How To Control Carbs And Lose Weight During Navratri
Winters get over and most of realise that we have put on a lot of weight. Then comes Navratri and we decide to make amends. Most of the Hindus get ready to fast for these nine days of Navratri, not only for the religious reasons but also for losing a few kilos of weight. Irony is that most of us realise after this nine days festival that in place of losing weight we have gained a few kilos more. Aah!! What a terrible feeling it is. Weight gain becomes a trap and we feel that we can never come out of it. We fret about our weight but have we ever thought that how many carbohydrates we have consumed during these nine days daily and all in the name of having Special Navratri Vrat foods?
Ditch these Carbohydrates with simple hacks
Let’s see what all do we eat during Navratri fasting and get ready to be fat, like real FAT.
Come Navratri and the humble potato becomes the king of the market. It is the most commonly used food during fasting. Do you know a medium sized potato is around 100 kcal, and then we have how many potatoes in a day…. Let’s recollect…. Aaloo bhartha, Aaloo kachori, Aaloo halwa, Aaloo Sago, Aaloo Tamatar Sabzi , and yes not to forget that spicy Aaloo Ka Raita. The list is unending. Then we fry potatoes for snacks in between calling it “Falaahar”. Seriously!! why are you committing suicide?
Have sauté vegetables and cucumber raita instead of potatoes in everything. Why not have Pumpkin or Lauki which are low carb vegetables.

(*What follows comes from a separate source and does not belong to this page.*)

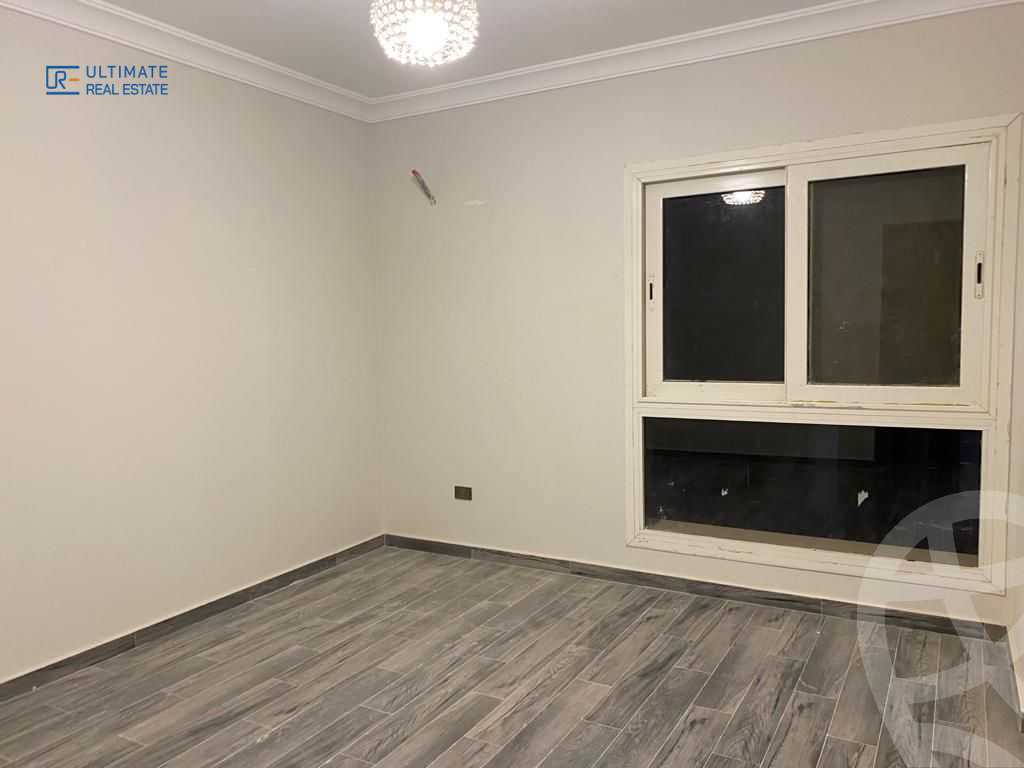 https://aqarmap.com.eg/ar/listing/5923708-for-rent-cairo-new-cairo-compounds-mwntn-fyw-y-syty-club-park-mountain-view-icity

This staple during Navratri fast is just simple and pure carbohydrates. A 50 gm serving of it means 175 kcal. Sago is a high glycemic index food which must be avoided at any cost despite of the fact that most if us wait for navratri to enjoy sabudana khichdi and sago vada.
If you must have sago then add a bit of soaked sago in diluted milk to make Kheer with stevia or add a spoonful of semi-cooked Saabudana to diluted curd to make Sago Raita.
Rajgiri / Amaranth / Chaulai / Ramdana
High in Carbohydrates but otherwise good source of protein, Amaranth makes an excellent cereal option which can be consumed during Navratri. It is rich in protein, fibre and various minerals and vitamins. But please avoid adding sugar and gur to make chaulai laddoo.
Make Amaranth kheer or add vegetables to make like dalia or upma out of it.
Sweet potatoes though are high in Carbohydrates but low in glycemic index. It is also rich in fibre and vitamin A. One large sweet potato provides 162 kcal. Avoid making Shakarkandi halwa, to control carbs as well as calories.
Add a few cubes to your salads or fruit chaat. It will boost your energy well and keep you going for all the Navratri days.
Kuttu (Buckwheat) floor
Kuttu ka atta, the favourite of fasting people is 75% carb and 25% high-quality protein. It is also a good source of fibre, magnesium, iron, vitamin B and calcium. But a rider here is it is a good food if you keep it fat-free.
Rather than eating fried kuttu puris, Kachories or Pakoras, make kuttu cheela or chapatti with added spinach.
Samak (Vrat ka Chawal)
100g of samak or swank rice provides 170 calories with a lot of carbohydrates. Better be had in low quantity.
Use in vegetable upma, dalia, idli , dosa or pulao with extra vegetables to keep the carb content low and fiber high. Make kheer without sugar and either add stevia or a few almonds, dates and raisins to add that much-needed sweetness. You can add some Samak with Kuttu flour to make roti.
So these are some commonly used carb-laden foods during Navratri fast. Eat them but use your wisdom and remember never ever mix up Carbohydrates with Fats. If you do that then you are guilty of suicidal attempt, no seriously, carbs kill you.
Stay healthy and stay alive.
How many Carbs are you avoiding this Navratri?